[Saved entries]

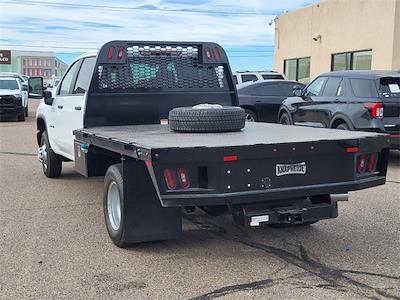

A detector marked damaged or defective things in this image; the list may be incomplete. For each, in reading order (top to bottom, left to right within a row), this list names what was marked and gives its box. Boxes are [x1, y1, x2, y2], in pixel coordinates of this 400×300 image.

pavement crack [184, 213, 400, 300]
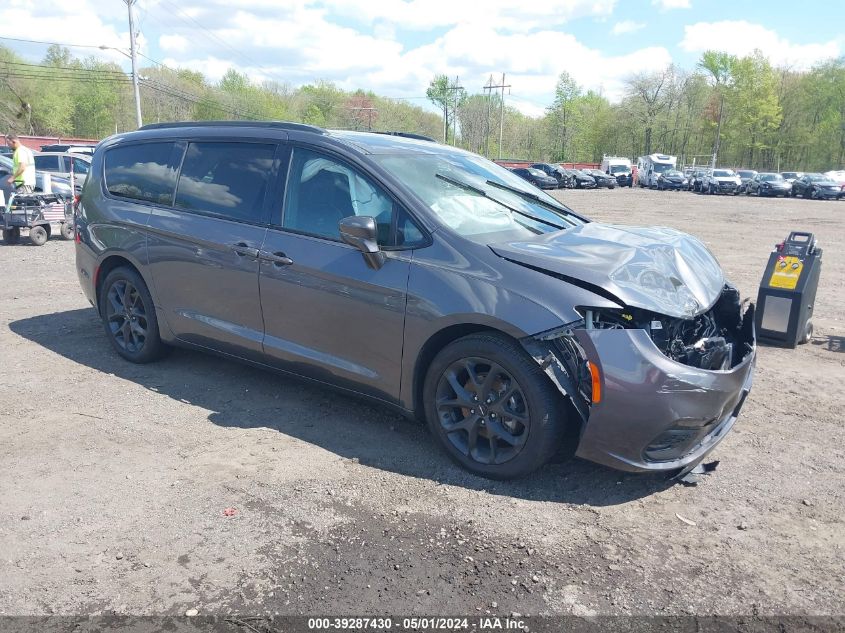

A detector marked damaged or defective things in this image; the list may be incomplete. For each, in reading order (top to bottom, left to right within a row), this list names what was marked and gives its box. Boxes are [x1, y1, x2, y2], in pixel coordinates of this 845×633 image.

damaged gray minivan [76, 122, 756, 478]
crumpled front hood [492, 223, 724, 320]
broken front bumper [572, 324, 756, 472]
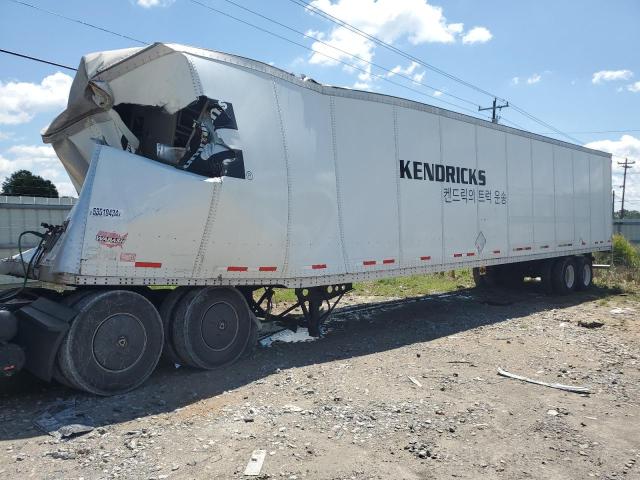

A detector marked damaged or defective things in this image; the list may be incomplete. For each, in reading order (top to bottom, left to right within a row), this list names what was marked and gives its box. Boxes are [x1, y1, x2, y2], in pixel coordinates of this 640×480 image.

damaged white trailer [0, 42, 608, 394]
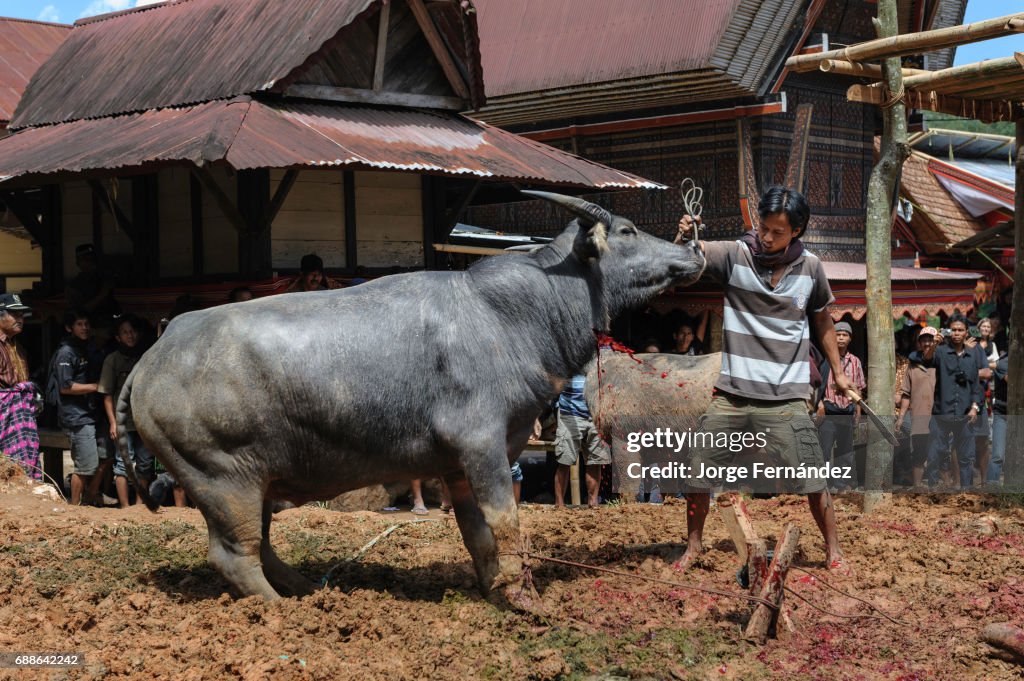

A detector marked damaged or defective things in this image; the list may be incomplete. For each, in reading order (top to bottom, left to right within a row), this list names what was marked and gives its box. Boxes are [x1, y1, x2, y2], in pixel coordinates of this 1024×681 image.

rusty tin roof [0, 17, 70, 123]
rusty tin roof [11, 0, 483, 130]
rusty tin roof [0, 97, 659, 188]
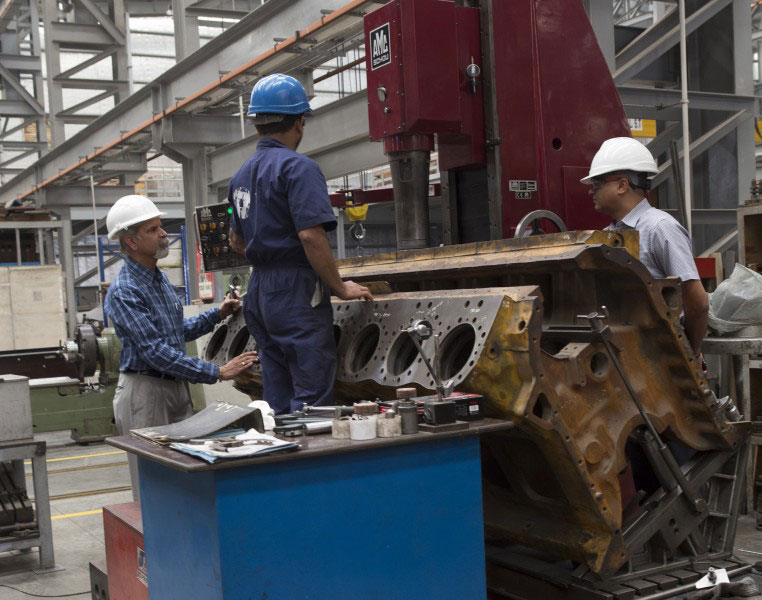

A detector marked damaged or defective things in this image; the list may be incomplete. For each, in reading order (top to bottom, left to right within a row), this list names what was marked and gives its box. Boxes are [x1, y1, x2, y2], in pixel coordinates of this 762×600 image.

rusty metal surface [203, 231, 748, 576]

→ **WHAT YOU ARE ASKED TO DO**: Would you please retype all the data exactly? Leave out whatever pictures it holds.

→ **RESULT OF THE EXERCISE**:
A detector marked damaged or defective things in this image; the list may be incomplete. For each, in reading order (top to bottom, left to right within a row), this list names what was marked and gives its box. Boxes are [x1, y1, x2, y2], in pixel coordinates of this 400×300 image.

pavement crack [184, 213, 400, 300]

A detector marked damaged or defective things in this image; the list may be incomplete. For each, in reading order (top to bottom, left to right within a row), this list names what was marked and gives its box. Boxes are [x1, y1, x2, y2], in pixel coordinates of this 845×633 image.

damaged gray minivan [76, 122, 756, 478]
crumpled front hood [492, 223, 724, 320]
broken front bumper [572, 324, 756, 472]

A detector marked damaged or defective things in this image; the list may be incomplete. For each, in reading order (top to bottom, left to right within a row), this list names what was marked and gives its box. Boxes are [x1, y1, x2, y2], in pixel coordinates of this 640×480 image.

damaged white trailer [0, 42, 608, 394]

A detector marked damaged or defective things in this image; the list may be incomplete. For each, in reading order (top to bottom, left to right within a row), this list names what was marked and gives its box. Boxes are [x1, y1, x2, y2], in pixel coordinates of this 1024×681 image.

rusty tin roof [0, 17, 70, 123]
rusty tin roof [11, 0, 483, 130]
rusty tin roof [0, 97, 659, 188]

A detector marked damaged or defective things in this image; the list may be incomplete. For each, in reading order (top to bottom, left to right within a row), this list names what was marked and gives its box. Boxes are [x1, y1, x2, y2], in pixel coordinates of this 762×600 image.

rusty metal surface [203, 231, 748, 576]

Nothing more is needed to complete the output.